Again in agreement with mainstream science, the evidence for glaciation in the tropical regions during the more ancient ice ages is accounted for by continental drift, a geologic phenomenon augmented by plasma cosmology’s expanding earth hypothesis. (The expanding mass of the earth over time – not its volume – also accounts for the extinction of gigantic species of flora and fauna that could not adjust to a heavier gravity caused by the changes in Earth’s electrical relationship to Saturn and to the Sun). During the Pangaea and Gondwana ice ages, areas of land now found in the tropics would have been situated at latitudes corresponding to these auroral rings.

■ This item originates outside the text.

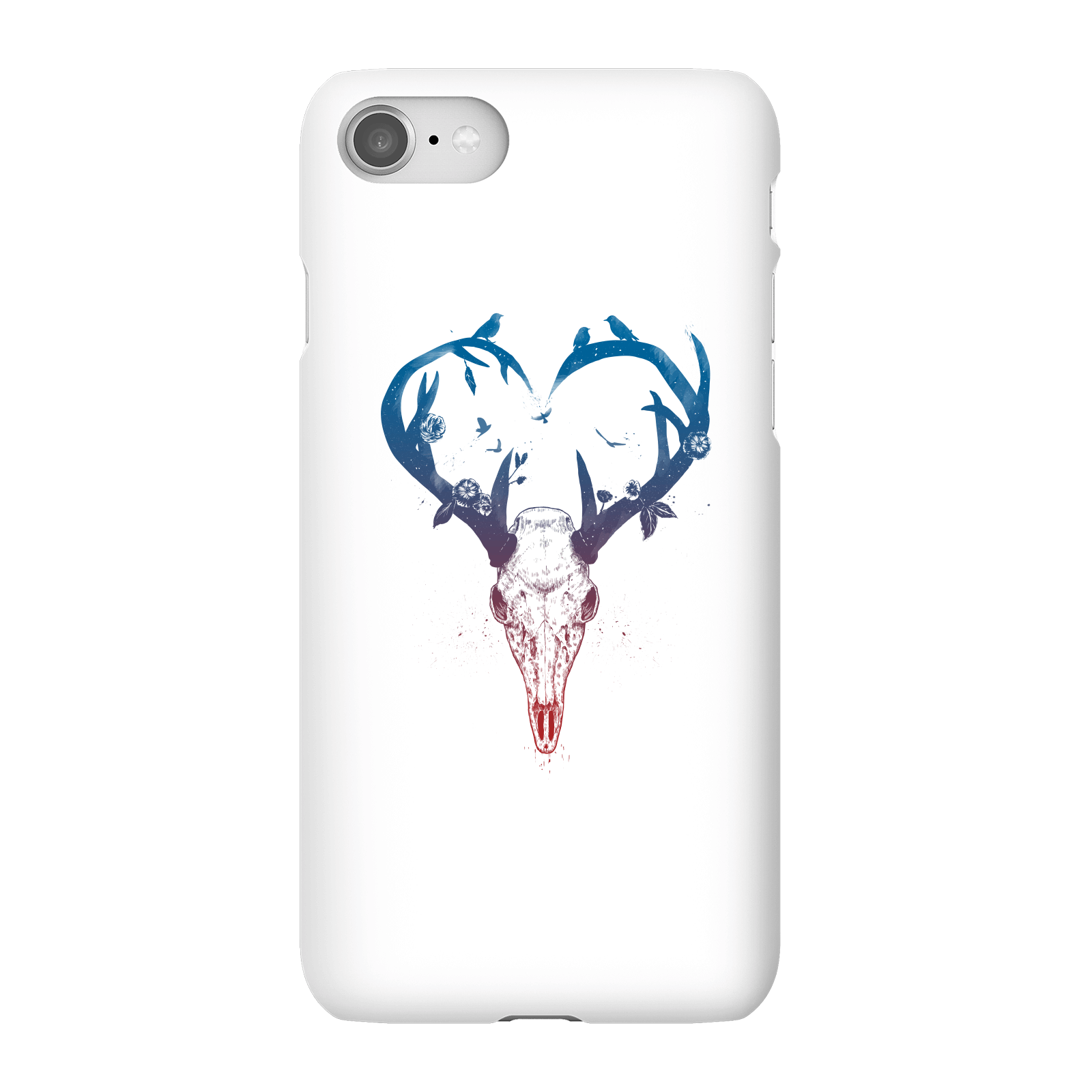 Balazs Solti Antlers Phone Case for iPhone and Android - iPhone 8 - Snap Case - Gloss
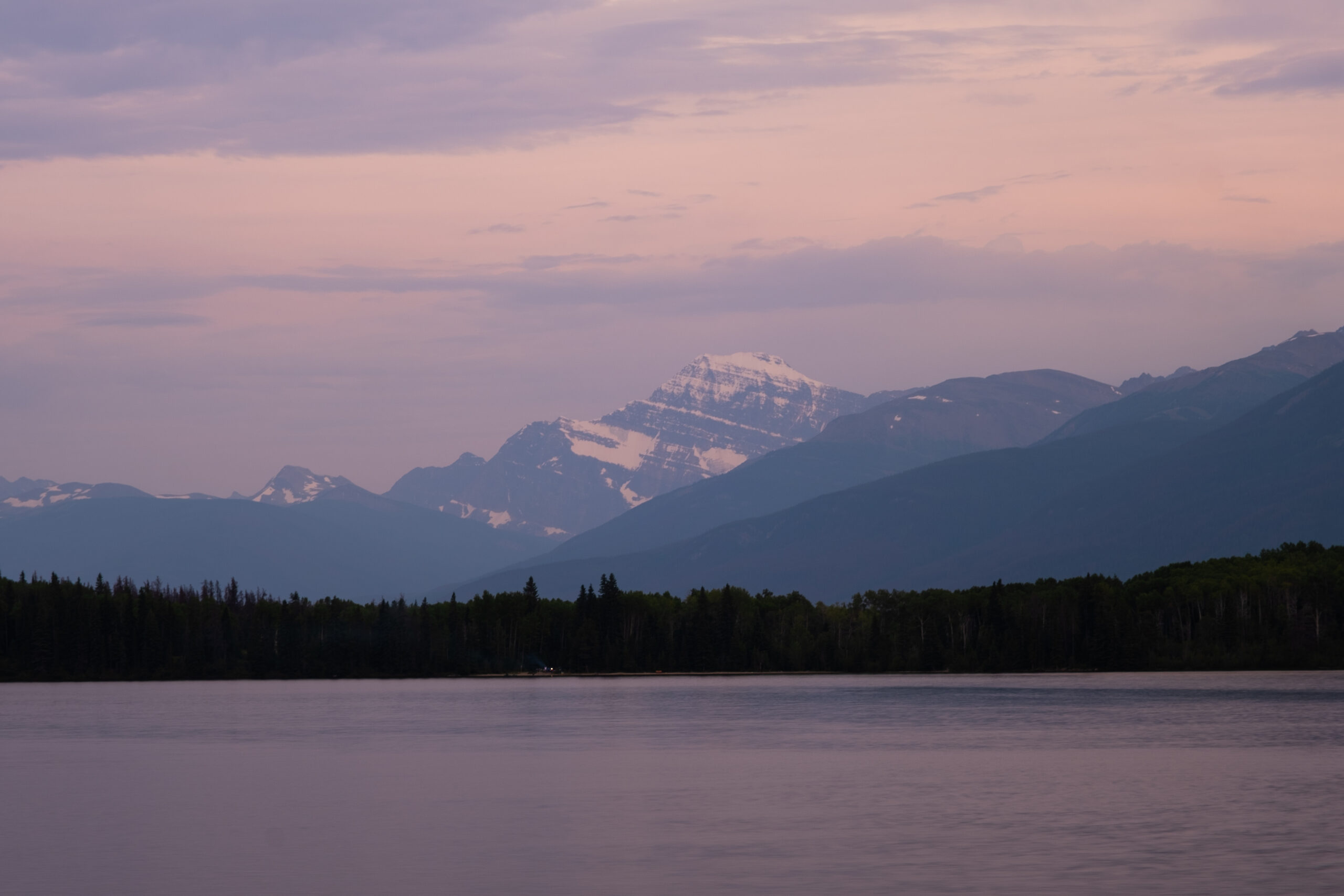 Mount Edith Cavell from Pyramid Island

The Cause and End of the Pleistocene Ice Age

The issue of the extinction of the mammoths is tied to the last great ice age, referred to as the Pleistocene Ice Age. It’s postulated by this writer that in the 150,000 years before the Saturnian system’s catastrophic direct contact with the current sun’s heliosphere, an electrical imbalance between Earth and Saturn had already been accumulating during their approach towards the Sun. The auroral rings once again manifested and the Pleistocene Ice Age was born.

Upon the Saturnian system’s extremely violent capture by the Sun, the auroral rings dissipated causing the end of the Pleistocene. Saturn continued to shine at Earth’s celestial north for a period of time called the Golden Age, but eventually fell away, leaving the earth’s northern polar region without its radiated warmth – the North Pole quickly froze over. (the South Pole had succumbed to ice much sooner – possibly as much as 50,000 years previously)

Saturn Theory accounts for the growing evidence that points to the northern polar region as having once enjoyed a temperate, if not sub-tropical environment. Now we can add to the Arctic Circle mix dinosaur habitation, along with Neanderthals and Homo Sapiens and vast selection of gigantic mammal species. Increasingly, it’s looking as if the Arctic Circle interior was, for vast spans of geologic time, a pretty descent place to live – not like today.